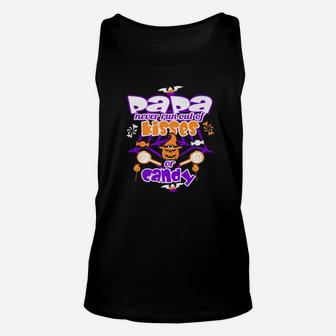 Papa Never Candy Halloween Unisex Tank Top - Seseable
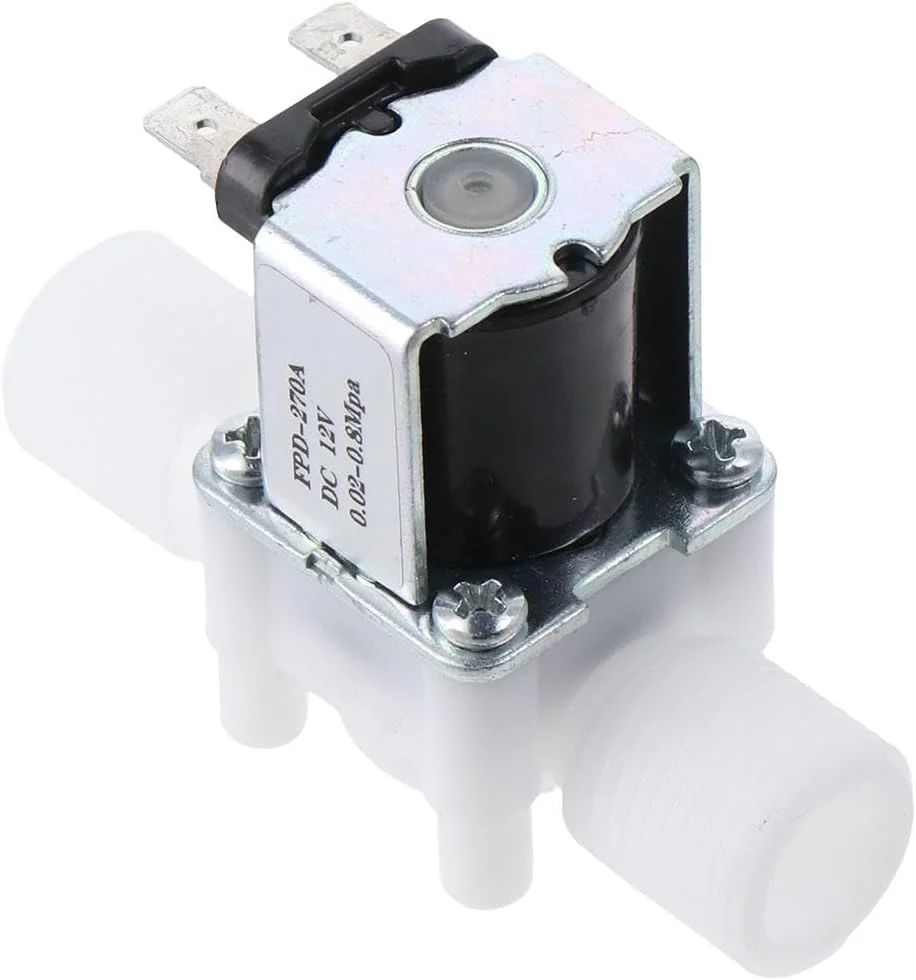 شیر برقی آب 12 ولت FEIYING با ورودی 0.5 اینچ، شیر الکترومغناطیسی خورشیدی، پلاستیکی دو موازی، بسته برای سیستم خالص اسمز معکوس RO خانگی شیر برقی آب 12 ولت FEIYING با ورودی 0.5 اینچ، شیر الکترومغناطیسی خورشیدی، پلاستیکی دو موازی، بسته برای سیستم خالص اسمز معکوس RO خانگی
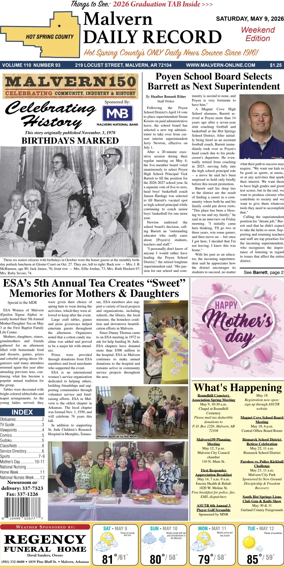 Cover of Malvern Daily Record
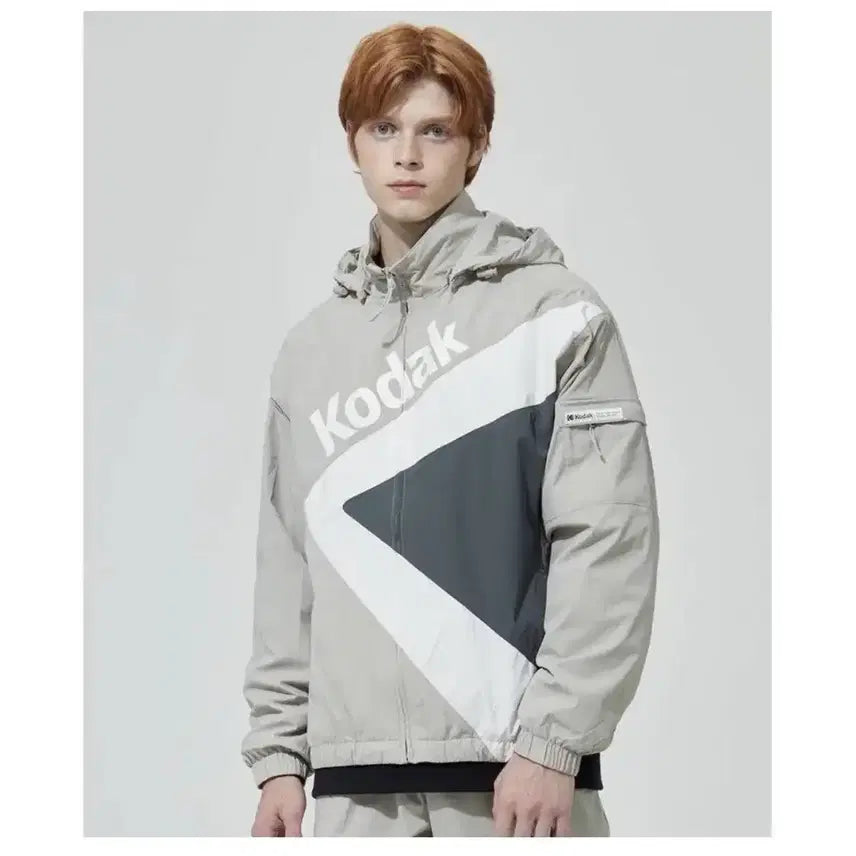[BUNJANG] Kodak K Jacket Grey / 코닥 케이 자켓 그레이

#### [Directions for this task]
Repeat the data above in full and exactly. Omit every image.

#### [Problem solution]
 Papa Never Candy Halloween Unisex Tank Top - Seseable
 شیر برقی آب 12 ولت FEIYING با ورودی 0.5 اینچ، شیر الکترومغناطیسی خورشیدی، پلاستیکی دو موازی، بسته برای سیستم خالص اسمز معکوس RO خانگی شیر برقی آب 12 ولت FEIYING با ورودی 0.5 اینچ، شیر الکترومغناطیسی خورشیدی، پلاستیکی دو موازی، بسته برای سیستم خالص اسمز معکوس RO خانگی
 Cover of Malvern Daily Record
[BUNJANG] Kodak K Jacket Grey / 코닥 케이 자켓 그레이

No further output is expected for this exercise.